Kaitlin Khong

Academics

MS in Applied Data Science, USC Viterbi School of Engineering

Function and design of modern storage systems, including cloud; data management techniques; data modeling; network-attached storage, clusters and data centers; relational databases; the map-reduce paradigm.

Learning about the data lifecycle; data mining; NoSQL databases; tools for storage/processing/analytics of large data set on clusters; in-data techniques.


BS in Statistics & Data Science, University of California, Santa Barbara

Used statistical methods in R for machine learning, exploring data with techniques like classification, regression trees, and random forests. Found patterns in large datasets and built predictive models, playing around with different models and evaluating their performance.  

Final Project: Predicted San Francisco Airbnb prices using K-Nearest Neighbors, Boosted Trees, and Random Forest. Achieved a 73% accuracy with feature engineering on location, amenities, seasonality, and k-fold cross-validation in R. 

Familiarized with data retrieval, analysis, and visualization in Python through hands-on projects. Learned the importance of domain knowledge through case studies touching on data ethics, privacy, and statistical traps. Handled missing data and notions of causality. 

Final Project: Analyzed national wealth, positivity, and social support systems to understand the national happiness level of countries through regression analysis in Python.

Learned how to handle relational database management systems and the groundwork behind cloud computing, distributed data storage, and retrieval. Used PySpark to analyze big data, exploring concepts like clustering, dimension reduction, and both supervised and unsupervised learning. 

Final Project: Predicted 2020 Voter Turnout and Party Classification with Gradient Boosting and SVM model in Pyspark, analyzing 50TB of data with a 98% RMSE accuracy.

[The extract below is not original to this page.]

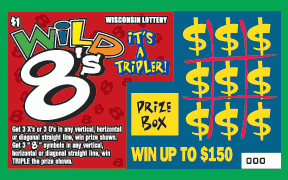 Wild 8's instant scratch ticket from Wisconsin Lottery - unscratched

 Applied stationary and non-stationary models, seasonal time series, ARMA models: ACF, PACF, mean, and ACF estimation. Learned diagnostic checking, forecasting, spectral analysis, and the periodogram.

Final Project: Forecasted Uniqlo stock prices using SARIMA, STL, and Holt-Winters. Used evaluation metrics such as RMSE and MAE to assess model performance using R. 

Conducted data analyses, modeling, and data management under Dr. Jingyi Wang, focusing on temporal-memory patterns in the brain.  Additionally, I led the data analysis for Bente Winkler’s meta-analysis on working memory, which included over 200 research articles. 

Publication: Winkler, B. (2024) The influence of emotions on working memory performance: A meta-analysis. (Master’s thesis, Faculty of Behavioral and Social Sciences, Leiden University).